For the GHCN V1 and GHCN V3(uncorrected) datasets I wanted to use all stations so took a naive approach. I simply used monthly normals defined per grid cell rather than per station over the entire period.


Compare annual anomalies calculated per monthly grid cell. After 1900 the agreement of GHCN V3 with CRUTEM4 is good. The original GHCN1 data is shifted warmer than GHCN3 by up to 0.1C. This difference is real.

A novel approach to this problem was proposed first by Tamino, but then refined by RomanM and Nick Stokes. I will hopefully simplify their ideas without too much linear algebra. Corrections are welcome.

Each station is characterised by a fixed offset \mu_i  from the grid average. This remains constant in time because, for example,  it is due to its altitude. We can estimate \mu_i  by first calculating all the monthly average temperatures T_{av} for the particular grid cell in which it appears. Then by definition for any of the monthly averages

T_{av} = \frac{1}{N_{stations}} \sum{T_i - \mu_i}

so now in a second step, by averaging over all the ‘offsets’ for a given station we can estimate \mu_i .

\mu_i =\frac{1}{N_t}\sum_{time}{T_i -T_{av}}

So having found the set of all station ‘offsets’ in the database we can calculate temperature anomalies using all available stations in any month. I still think the anomalies  have to be normalised to some standard year, but at least the bias due to a changing set of stations will be reduced, especially in  the important early years.

P.S. I will try this out when time permits.


About Clive Best

PhD High Energy Physics Worked at CERN, Rutherford Lab, JET, JRC, OSVision
This entry was posted in AGW, Climate Change, climate science, Science and tagged . Bookmark the permalink.

13 Responses to Sampling biases in global temperature anomalies

  1. Euan Mearns says:

    Clive, your V3 uncorrected, is that the data Nick supplied, or have you downloaded from GHCN? And how many stations in the V1 data and in the V3 data?

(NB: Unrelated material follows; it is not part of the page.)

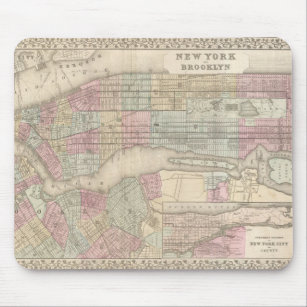 Vintage Map of New York City Mouse Mat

    The cyclic nature pre-1980 looks very similar to the compilations of V2 records I’ve been making.

    Its the pre-1900 part that’s really interesting.

  2. Clive Best says:

    I downloaded V3 uncorrected direct from GHCN. There are 6039 stations in V1 and 7280 stations in V3. I haven’t looked in detail at the differences but the general impression is that the past has cooled a little with respect to V1. Both have been processed exactly the same way. Nick Stokes argues that my calculation of anomalies obscures partly the trend when there are few stations.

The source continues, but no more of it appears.